TASK DETAILS -
Once you find the line with "bjorn online show from 12/26/24, 07:05" in the listing below, set down exactly every line from it through the line with "My 600-lb Life, Season 4", but no pictures.

INPUT FOR THIS TASK -
______________________________

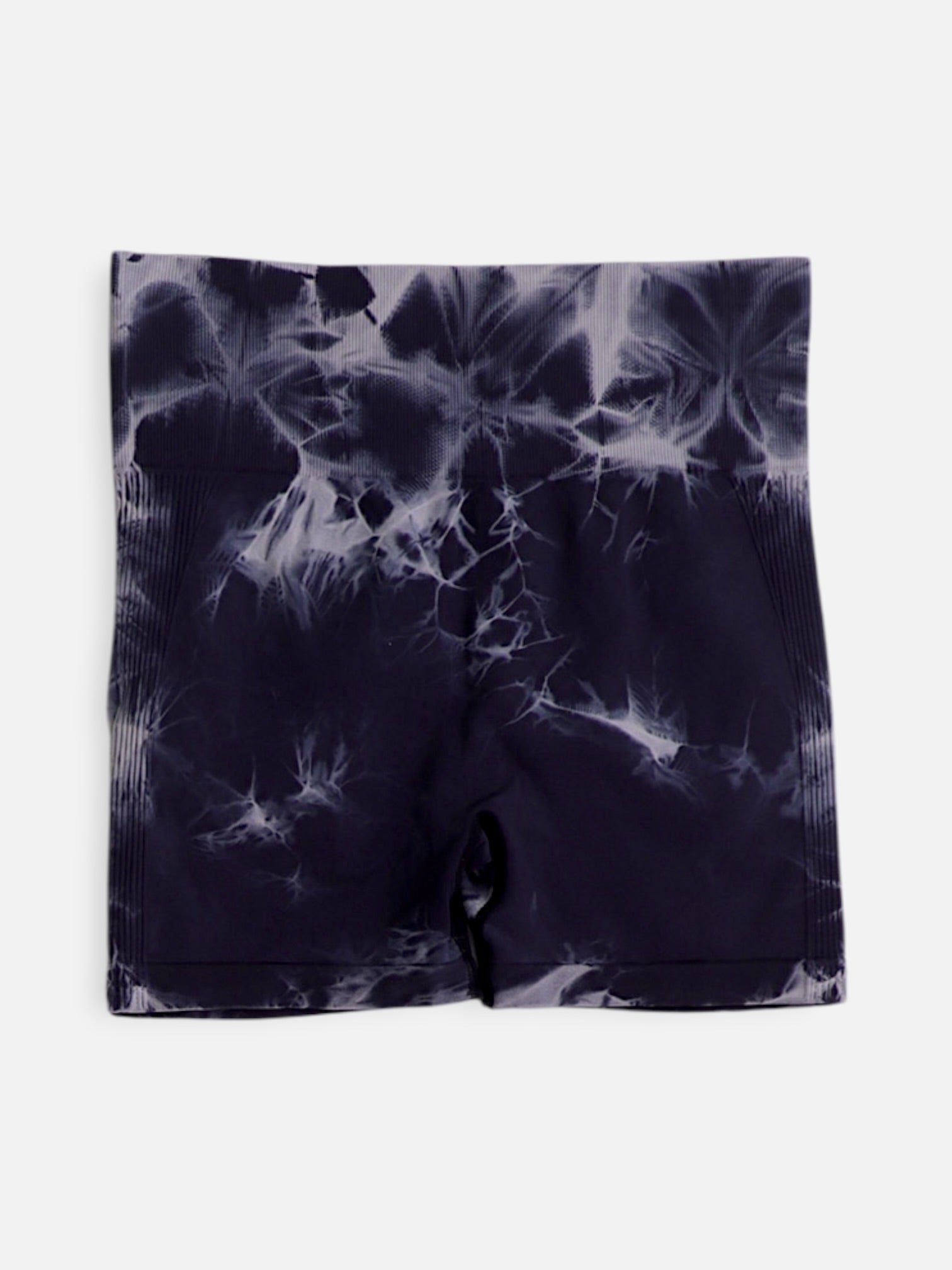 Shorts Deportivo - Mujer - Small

______________________________

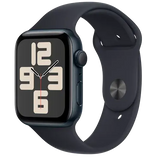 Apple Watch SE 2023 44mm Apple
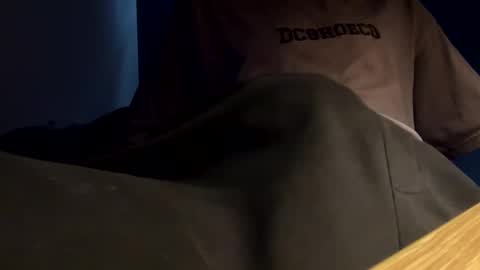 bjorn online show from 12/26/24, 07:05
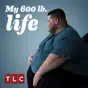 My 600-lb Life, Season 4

______________________________

RESULT -
 bjorn online show from 12/26/24, 07:05
 My 600-lb Life, Season 4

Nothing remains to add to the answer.